Kizzy 06/07/2015
Nada ficou como antes
Eu adoro ler biografias. Autorizadas ou não, acho que é sempre uma fonte histórica muito importante no conhecimento das pessoas que deixaram alguma marca no mundo. Mas ler essa biografia da Elis foi algo bem diferente, e diferente para o bem. Ainda não sei se gostei tanto por conta do fascínio que tenho desde a infância, por uma mulher que quando eu nasci já não habitava mais a Terra, ou se é porque a qualidade do livro é realmente muito boa.
Acho que um pouco dos dois, mas quero começar falando do texto em si. Fiquei muito impressionada com a qualidade e neutralidade da narração e com o viés totalmente jornalistico do livro. Claro que o autor ser jornalista explica muito disso, mas realmente em alguns momentos, principalmente no início, o nível de descrição jornalistica é tão detalhista que chega a ser cansativo. Em alguns momentos é muita informação para pouca página. Mas isso vai se tornando um ponto forte do livro e então quando a história deixa de ser dados e nomes de programas, para a história de uma mulher genial completamente misturada à história da música e até política brasileira, o livro começa ficar genial.
O mais interessante desta biografia foi transcender os debates rasos da personalidade difícil e polêmica de Elis Regina (sem deixar de falar disso), mas revelando a genialidade de uma mulher muito a frente do seu tempo e que teve papel central e ativo nos rumos da histórica da música brasileira. Em muitas e muitas partes as informações não são apenas sobre a vida de Elis, mas uma aula de história da música popular em nosso país, e o mais incrível, o quanto essa mulher influenciou e foi influenciada por isso tudo.
Me emociona pensar que, se essa mulher não tivesse existido, e tantos dos personagens que conhecemos e que são citados nessa história, nossas vidas hoje, nossos comportamentos, nossa cultura, a música que a gente ouve, seria totalmente diferente. Músicos que faziam músicas para mudar o mundo, muito mais do que para vender disco, isso era a MPB, algo ente arte e mágica.

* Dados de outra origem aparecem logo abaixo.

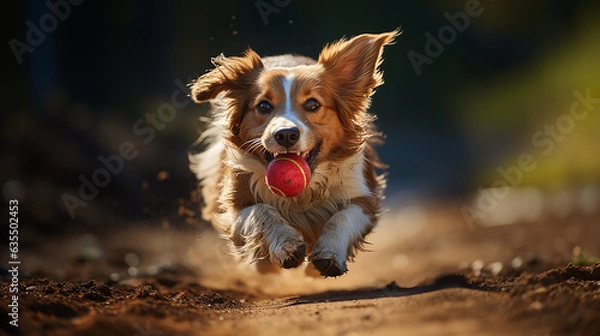 Obraz Dog in swift motion chasing balls, capturing the essence of playful moments, generative AI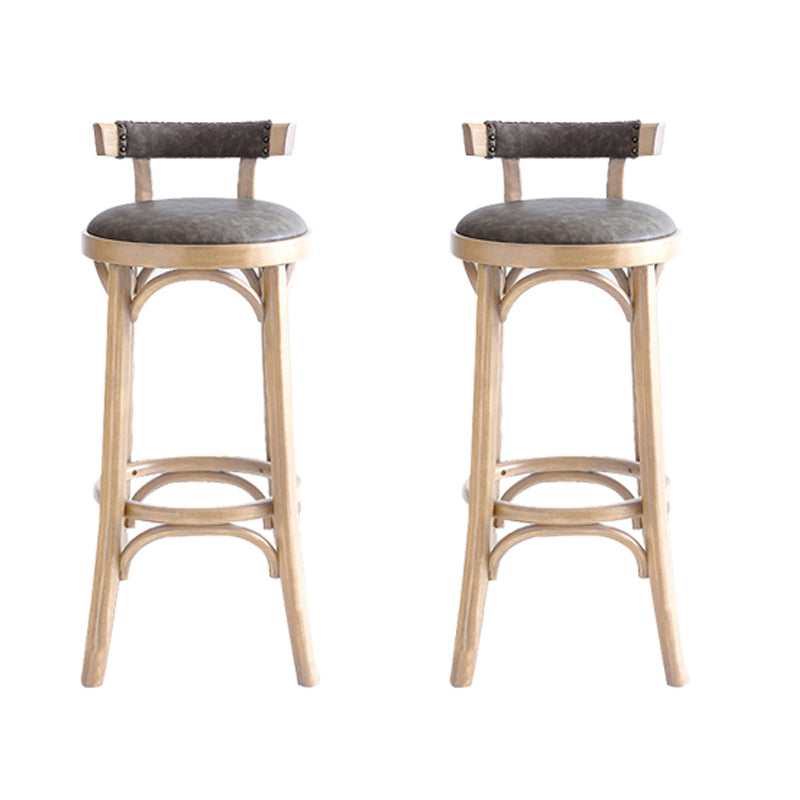 Taburete de mostrador de madera industrial, taburetes de altura de mostrador de cuero sintético para uso doméstico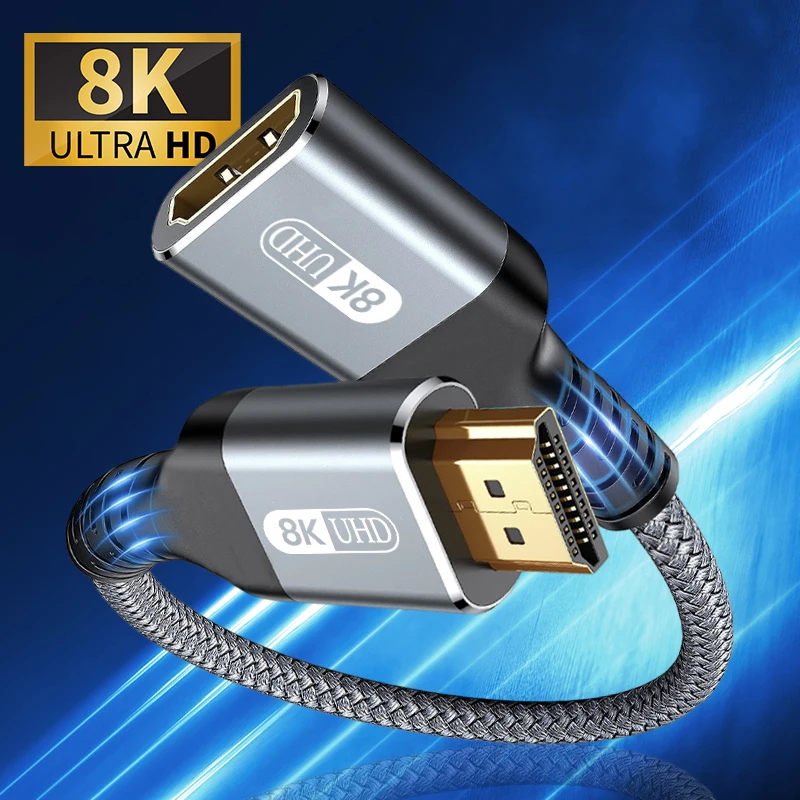 8K HDMI Extension Cable HDMI 2.1 Male to Female Cable Nylon Braided HDMI Extender Cable Support 8K@60Hz 4K@120Hz 48gbps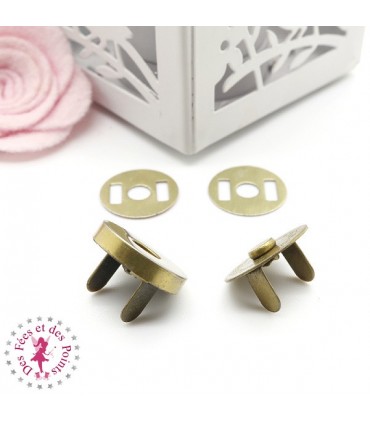 Fermoir magnétique / Aimant - Rond - 18 mm - Bronze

Mágica também era a coragem de Elis Regina, quanto atrevimento para uma mulher. Desafiar a sociedade, a família, namorar quem e quantos queria, e o principal de tudo, ser acima de uma cantora, como diria um dos seus arranjadores), Elis era um músico mesmo sem saber tocar nenhum instrumento. Era um gênio e ao mesmo tempo dona de uma insegurança neurótica que a consumiu por uma vida até conseguir tirá-la de si mesmo. Creio que o livro fez jus a essa genialidade descrevendo a vida profissional e pessoal da cantora, de forma junta e misturada, exatamente como era sua vida.
Vale muito a pena a leitura, mesmo para quem não é fã da cantora, uma vez que o registro histórico musical contido na obra é muito mais que o furacão Gaúcho, a quem eu já devotava muita admiração e hoje devoto muito sentimento, respeito, gratidão e carinho também.
Desde que eu conheci Elis, quando criança nos Lps do meu pai, nada foi como antes. E depois dessa leitura tudo se transformou mais uma vez, e daqui para frente, novamente, Nada Será Como Antes.
"Elis Regina Carvalho Costa vinha de uma linhagem de mulheres acostumadas a dar as cartas para que seus mundos não se atrelassem nas mãos dos homens....Ao contrário do padrão das namoradinhas da época, Elis era ao mesmo tempo decidida e misteriosa, e a mania de se jogar em penhascos valia também para seus relacionamentos."